8. Research Assistant

Research assistants conduct literature reviews, and gather and analyze data for public health. Additionally, they prepare materials to be forwarded to foundations and grant agencies. Finally, they support researchers in public health research. A research assistant must have great writing and vocal communication skills to communicate information with lead project researchers. They must also have good critical thinking skills to support their research and attention to detail to guarantee that their research documents are always accurate.

9. Health Educator

Health educators analyze the community's health needs and provide materials, programs, and activities that educate community members about health issues. However, they also train people in how to deal with existing health issues and undertake research on health education and promotion. Health educators must have certain skills, such as communication and problem-solving, to be effective in their professions. Health educators develop educational resources to teach populations how to maintain or avoid sickness.
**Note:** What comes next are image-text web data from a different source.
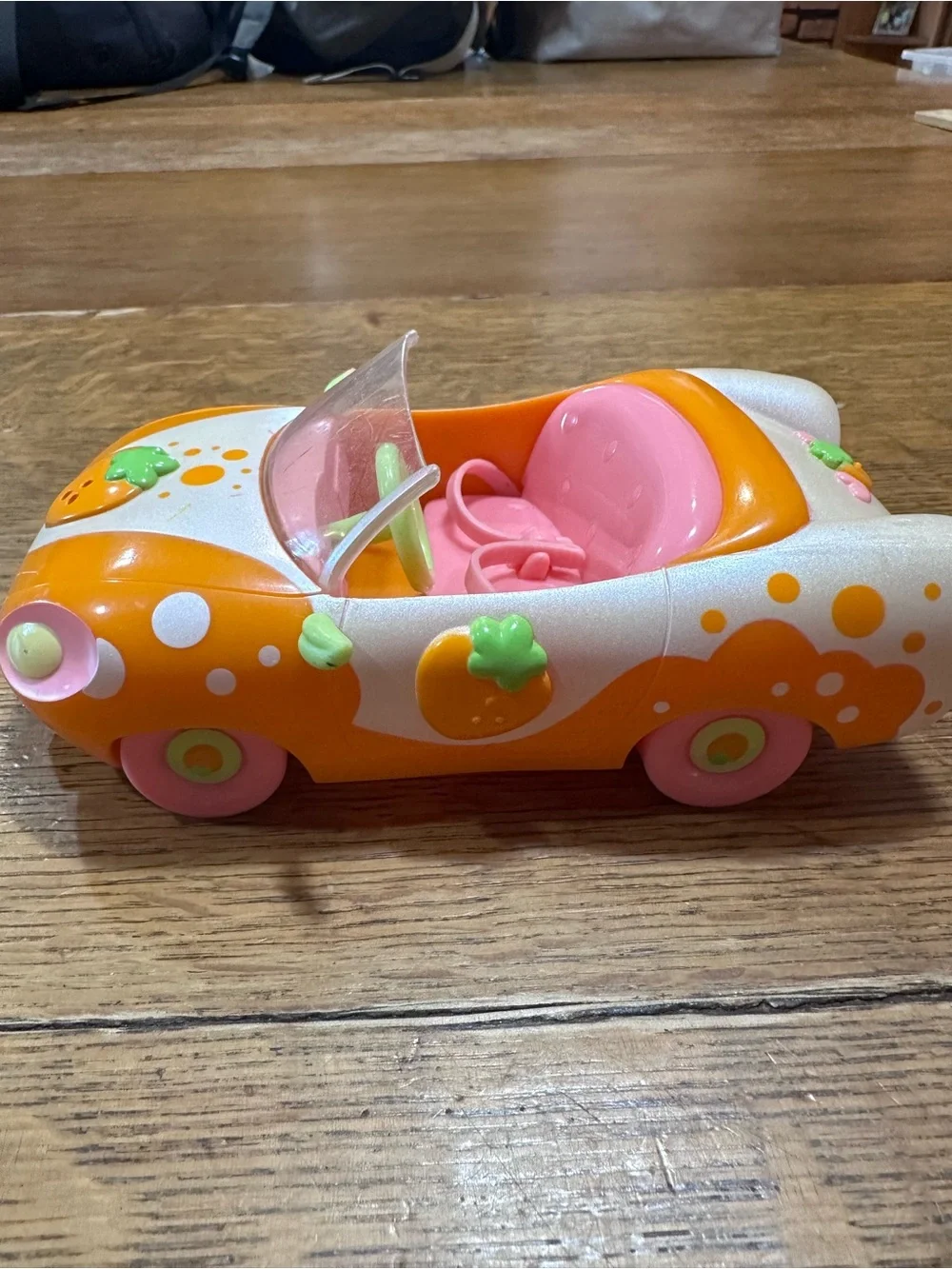 2008 Hasbro strawberry shortcake orange blossom convertible toy car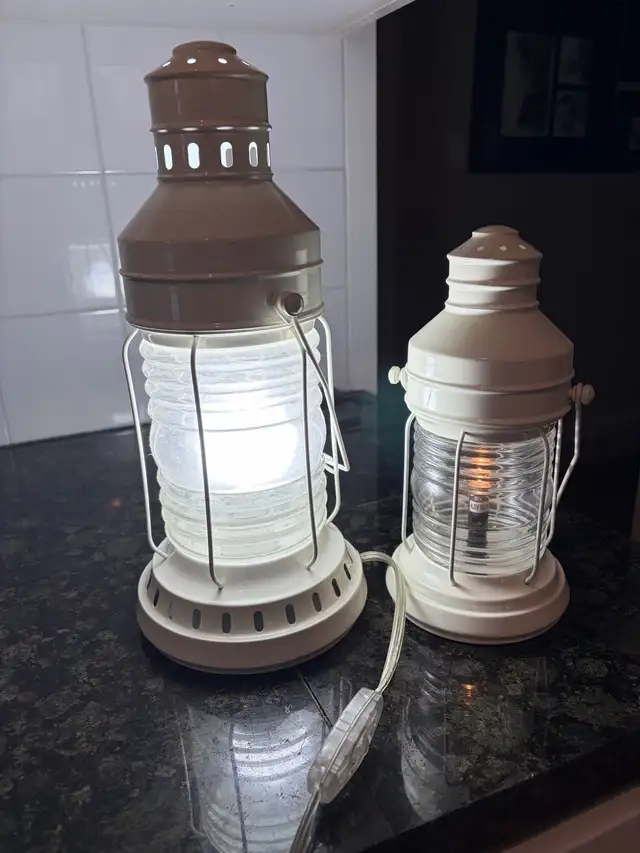 Pottery Barn Lantern Style lights in Other in Revelstoke - Image 4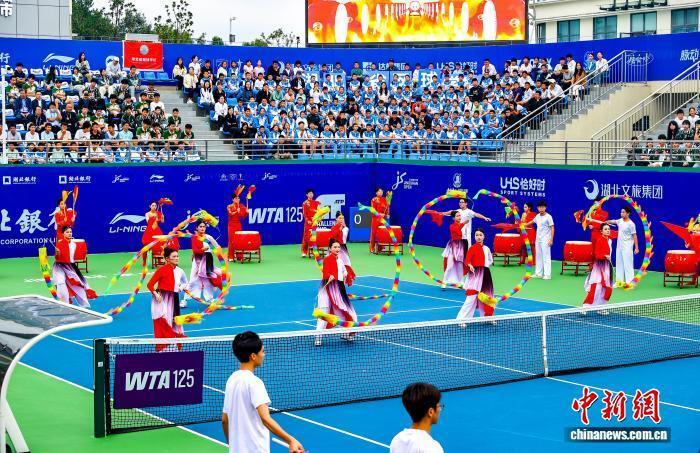 逐步构建以 逐步构建以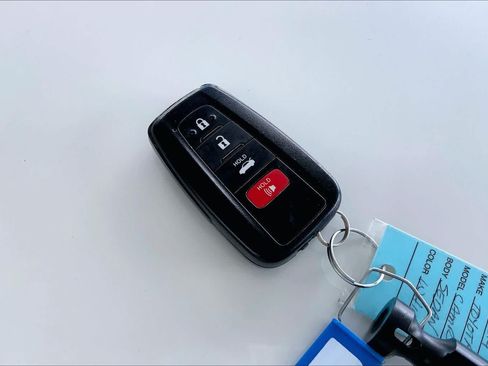 Used 2024 Toyota Camry XSE w/ Navigation Package FWD image 15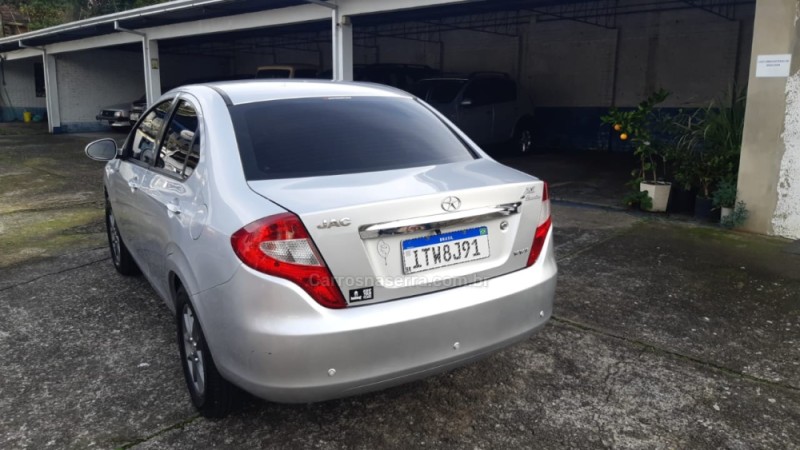 j3 1.4 turin 16v gasolina 4p manual 2013 farroupilha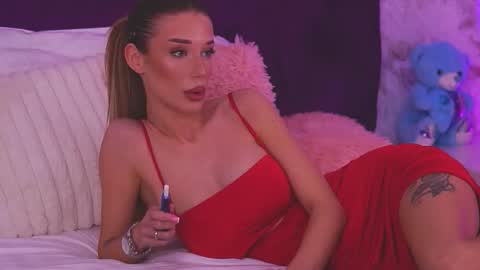 EllinaNuria online show from March 10, 8:14 pm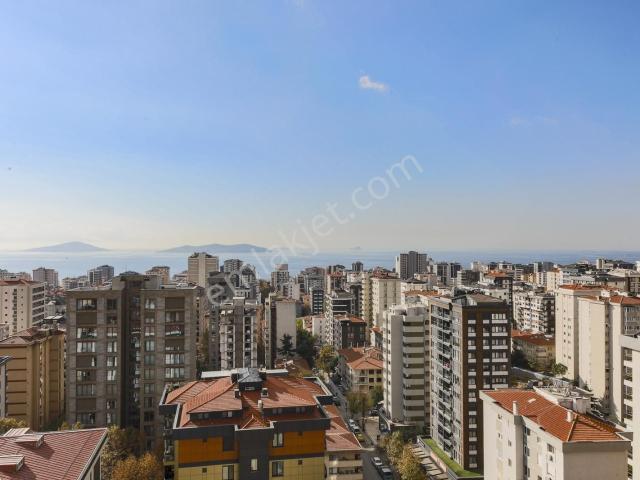 Kadiköy, İstanbul içerisinde kiralık mülk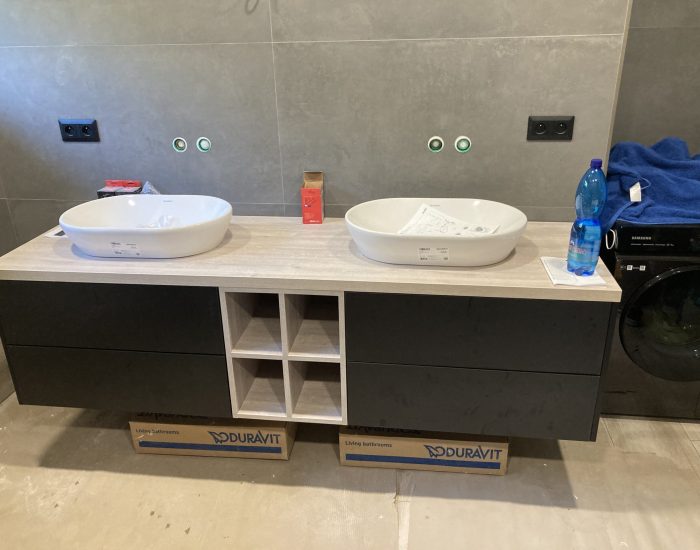 Skříňka pod umyvadla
10. Health Information Technician

Health information technicians gather and record patient healthcare data, such as diagnostic test results, medical history, symptoms, and treatments. In addition, they organize and handle health information data.

Interpersonal communication skills are also important for health information technology professionals who engage with medical practitioners, patients, and insurance agents. Because privacy and attention to detail are important aspects of health information management, health information technicians must be honest.

Jobs in health information technology at the entry level require a postsecondary certificate or an associate degree. Students study medical coding, health information technology, medical transcribing, or other relevant areas. These topics help you to develop basic knowledge of the healthcare system and patient data record-keeping.

11. Psychiatrist

A psychiatrist plays a key role in public health as they diagnose, treat, and prevent mental illnesses. They work in various settings, such as hospitals, clinics, prisons, schools, and rehabilitation centers. With the rising awareness about mental health issues, the demand for psychiatric jobs will reach 1,000 openings annually between 2022 and 2032, according to the U.S. Bureau of Labor Statistics (BLS). 

A psychiatrist evaluates patients by conducting physical and psychological tests to make accurate diagnoses. Based on this diagnosis, they formulate treatment plans, which could include psychotherapy and medication management, amongst other treatments. Additionally, psychiatrists also work closely with other healthcare professionals to ensure all aspects of a patient’s health are considered during treatment.

However, to become a competitive candidate for psychiatrist jobs, one must pursue an extensive educational path, including medical school and residency training in Psychiatry. Despite its challenging nature, psychiatry provides an opportunity to significantly impact individual lives and broad communities alike, making it one of the most important public health careers to consider.


If you want to earn a degree in something that will give you several career options, as well as a good wage and job prospects, public health may be the way to go. This is especially true if you want to work in health and/or science but aren't not in the medical side of things. There are a plethora of other ways to work in health where you can have a larger impact on people's lives.